Aristides Gomes s’attendait à ce que son retour soit surveillé. « J’avais déjà des informations faisant état de l’intention du pouvoir, et particulièrement du président, de me faire arrêter. Ce dernier avait déjà eu une conversation avec plusieurs personnes qui m’avaient averti », déclare-t-il au micro de Sébastien Németh, de RFI.

Parmi les signes avant-coureurs, un vol de la compagnie TAP Air Portugal, le 17 novembre. Aristides Gomes raconte avoir été informé que « des policiers étaient passés dans les services de la TAP pour voir si [son] nom ne figurait pas dans la liste des passagers. » Après s’être désisté du voyage dans un premier temps, l’ancien chef du gouvernement s’est ravisé : « En réfléchissant, je me suis dit : je n’ai rien fait, c’est très injuste que je sois condamné à l’ostracisme de manière définitive, donc que je reste à l’étranger sans pouvoir aller dans mon pays. À un moment donné, il faut prendre des risques dans l’espoir que les choses s’éclaircissent une bonne fois pour toutes. J’ai mis les choses dans la balance et j’ai décidé d’y aller. »

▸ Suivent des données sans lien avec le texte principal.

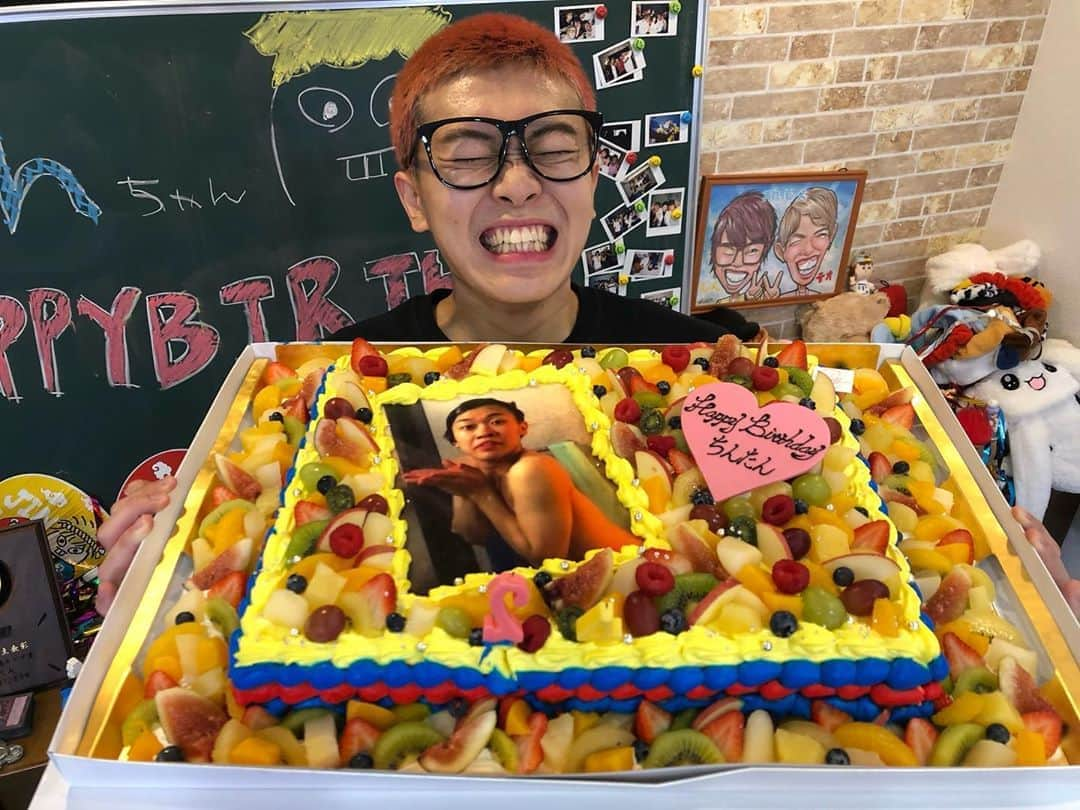 イニ（じん）さんのインスタグラム写真 - (イニ（じん）Instagram)「本日で24才になりました！！！🎂 たくさんのメッセージ、 ありがとうございますっ😂💓 今テオくんにサプライズを してもらってて、 この後どうなるのか一切 分からないので、 また改めてゆっくり見ます🐰✨ 24才、これからもどうかよろしくお願いします！！！！！！！」10月27日 1時06分 - jinjin10272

Aristide Gomes raconte l’arrestation à laquelle il a échappé et annonce porter plainte pour tentative d’enlèvement La suite est mouvementée. « J’arrive au salon du congrès, ce groupe de policiers débarquent. Tout le monde se lève. On commence à se tirailler. Mais les congressistes réussissent à me sortir de la salle. Et voilà, c’est comme ça que j’ai pu échapper. » Aristides Gomes confie ne pas regretter d’être venu au congrès de son parti : « Finalement, c’était une preuve comme quoi ce régime a un projet de persécution politique à mon égard ».